Il est très positif que la communication juridique de la Commission propose une approche pragmatique pour le respect des exigences PPWR PFAS. Cependant, il n’existe toujours pas de méthodologie harmonisée pour les PFAS dans les emballages en contact avec les denrées alimentaires au niveau de l’UE et les États membres peuvent toujours décider de ne pas suivre l’approche de la Commission, ce qui compromet l’harmonisation du marché unique et met en péril la libre circulation des marchandises. C’est pourquoi il est crucial de garantir le soutien et l’approbation formels de tous les États membres en faveur de cette approche. C’est la seule manière de garantir un marché unique cohérent.

  • Emballage groupé en plastique

Des orientations sur les emballages groupés en plastique à usage unique ne sont pas attendues avant 2027. Sans ces orientations, notre secteur ne pourra tout simplement pas apporter les ajustements nécessaires aux emballages que nous utilisons actuellement avant l’échéance PPWR de 2030. En fait, nous savons déjà qu’il y aura de sérieux goulets d’étranglement dans l’approvisionnement et que le coût de la transition vers des solutions différentes sera substantiel (bien au-dessus de 2 milliards d’euros rien que pour le secteur des boissons non alcoolisées, selon des estimations récentes). C’est pourquoi la clarté est cruciale : les entreprises doivent savoir quels types spécifiques d’emballages seront autorisés ou interdits pour planifier correctement tout en visant une conformité totale avec le PPWR. Des orientations opportunes dans les mois à venir sont essentielles pour donner aux entreprises la prévisibilité dont elles ont besoin.

  • Réutilisation

Notre secteur continue de reconnaître que les modèles réutilisables jouent un rôle important dans la réduction des emballages et des déchets d’emballage, en tant que solution complémentaire aux systèmes de recyclage hautement performants existants. Les colégislateurs ont reconnu à juste titre la nécessité de fournir des orientations pour les exemptions nationales fondées sur le contexte lorsqu’elles ont du sens d’un point de vue environnemental ou économique. Pourtant, le cadre actuel d’exemption des PPWR ne reconnaît pas suffisamment les progrès significatifs déjà réalisés par certains États membres pour améliorer la circularité des emballages de boissons grâce à des systèmes de collecte et de recyclage bien conçus. À l’approche de l’objectif de 2030, il est urgent de fournir des lignes directrices claires. Les entreprises ont besoin de clarté pour prendre les bonnes décisions d’investissement, ce qui signifie que toute demande d’exemption doit être tranchée à temps.

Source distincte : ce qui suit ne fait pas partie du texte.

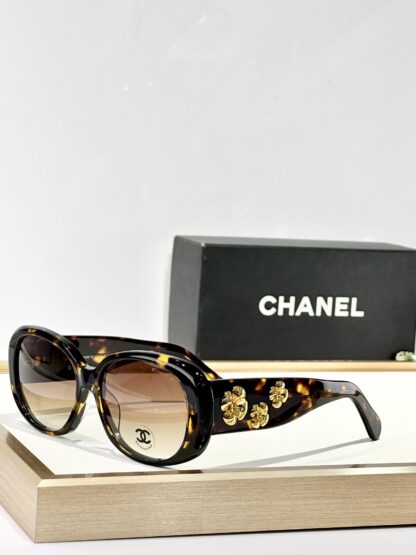Chanel Fashion Sunglasses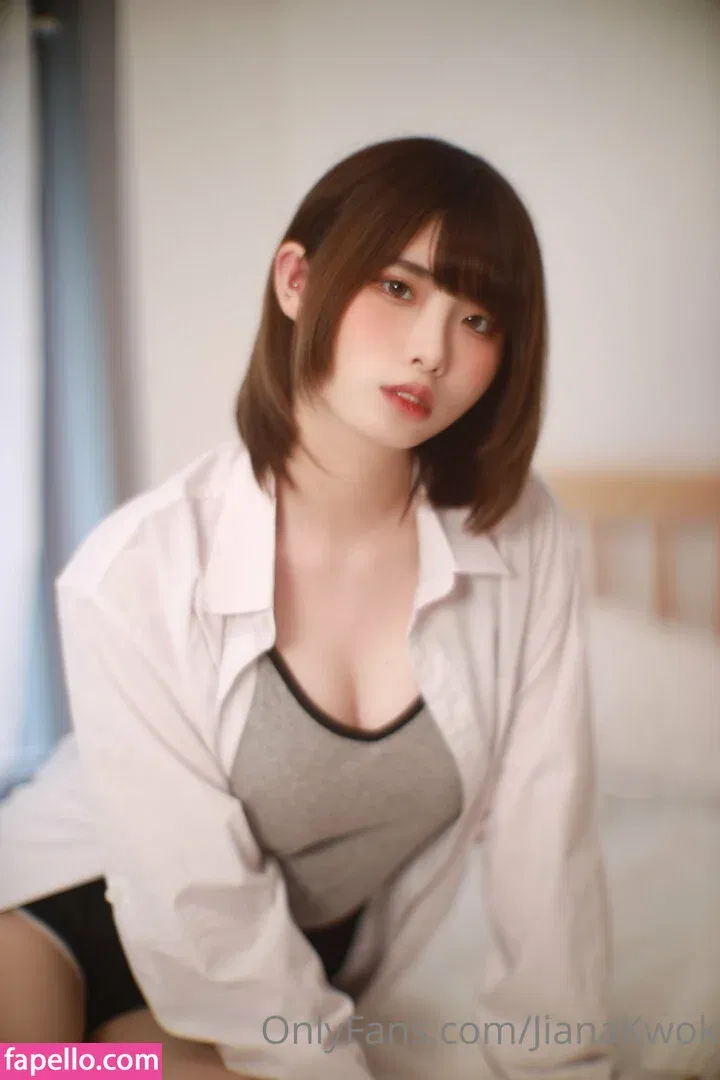 Jianakwok Onlyfans Photo Gallery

L’horloge tourne de façon inquiétante. Cette responsabilité ne relève pas d’une seule institution européenne. Il appartient à toutes les institutions européennes de prendre conscience de l’urgence de la situation et d’assumer leur responsabilité en apportant une clarté réglementaire pour répondre au problème opérationnel pressant auquel nos entreprises sont confrontées.